Mavenlink in April secured a $48 million Series E funding round co-led by Carrick and Goldman Sachs Growth Equity.

Mavenlink’s Chief Executive Ray Grainger in September won a Business Journal Innovator of the Year award.

The Big Sales

Carrick’s three recent exits are:

• Carrick in 2016 made a $50 million investment in InstaMed, which makes software that connects consumers, providers and payers for healthcare payment transactions.

While InstaMed is based in Philadelphia, its co-founders Chris Seib and Bill Marvin have worked for at least a decade in Orange County, including maintaining a Newport Beach office.

Its sale contest attracted 30 bids, half of which were from larger companies and the other half from larger private equity firms.

JPMorgan eventually won, paying more than $500 million, according to CNBC.

“Having JPMorgan buy our company made me feel good,” Madden said.

Carrick reported an approximately 35% internal rate of return and a 2.7 multiple of invested capital from the deal.

InstaMed processed $94 billion in healthcare transactions last year.
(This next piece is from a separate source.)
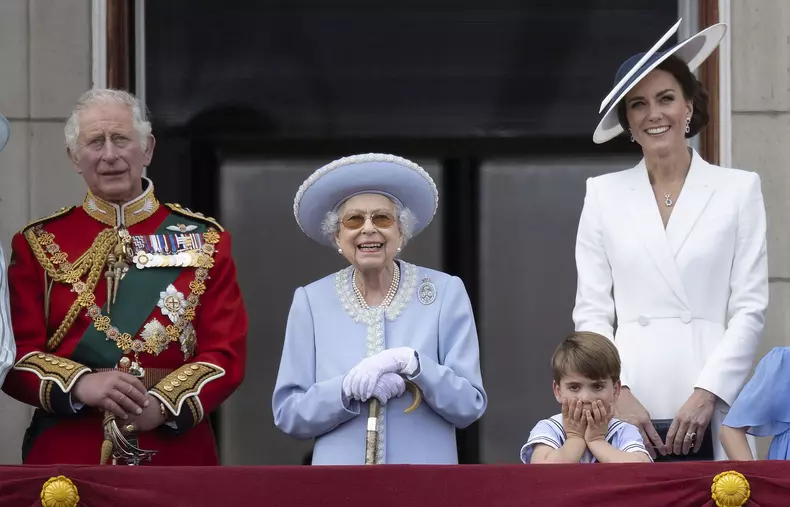 Kate Middleton n-a reușit să îl stăpânească pe Prințul Louis. Micuțul a furat din nou spectacolul la Jubileul de Platină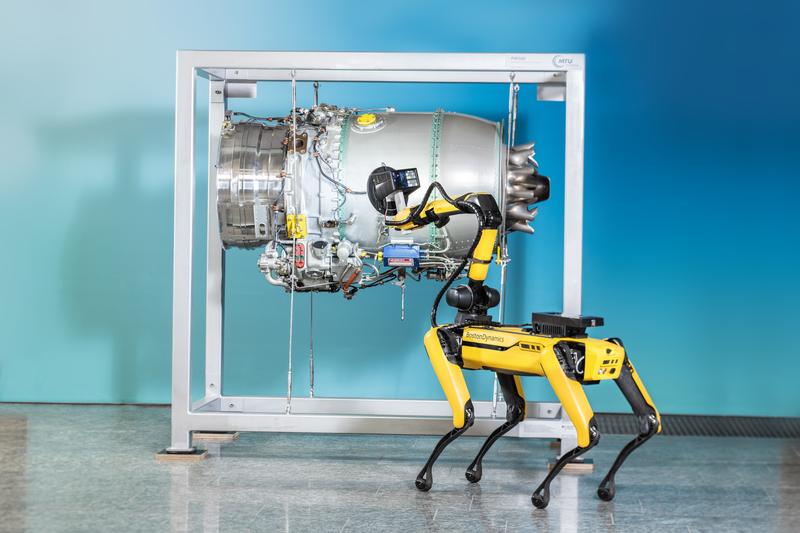 The robot dog uses the goSCOUT3D sensor to measure complex components, such as a turbine (provided by MTU Maintenance).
JPMorgan said about $3 trillion is spent annually on healthcare, which has “significant transaction friction and inefficiency.”

• Carrick’s first investment was $28 million in 2013 in San Francisco-based Axiom, which has grown from a business that supplys lawyers to companies on demand to a provider of legal software services to larger businesses.

The firm, which reported $360 million in revenue in 2018, comprises 2,000 lawyers, process engineers and technologists that serve over half the Fortune 100 across 14 offices and five global centers.

Earlier this year, Axiom split into three separate entities: Axiom, Knowable and Axiom Managed Services.

After the split, the remaining part of Axiom was preparing to go public when it received unsolicited offers from large private equity firms.

Permira, a European private equity firm with about $47 billion in assets under management, made an undisclosed investment that Axiom described as “significant” and it has now dropped its IPO plans. In 2014, Permira bought a controlling share for $200 million in online legal service provider LegalZoom, which now has a $2 billion valuation.

The Axiom investment produced a 22% net internal return for Carrick.

• A few months after it spun off from Axiom, Knowable entered into a joint venture with legal information provider LexisNexis Legal & Professional, which is part of Relx PLC.

Knowable combines proprietary machine learning tools with legal subject matter expertise to analyze every quarter about 25 million contract data elements, converting archaic legal language into structured data to provide portfolio level views of risk, obligations and entitlements.

Carrick, which sold 90% of its stake in Knowable when the joint venture was formed, reported a 35% net internal rate of return and a sixfold multiple of its investment.

Seeking OC Investments

“It feels good” to sell the three companies, Madden said. “All three had really good returns.”

In the past year, Carrick has grown its workforce 50% to 30 employees, including nine at its Newport Beach headquarters.

Madden said he’s currently looking at seven Orange County-based companies that he declined to reveal.

“We are hiring in Orange County,” Madden said. “We hope to invest in Orange County.”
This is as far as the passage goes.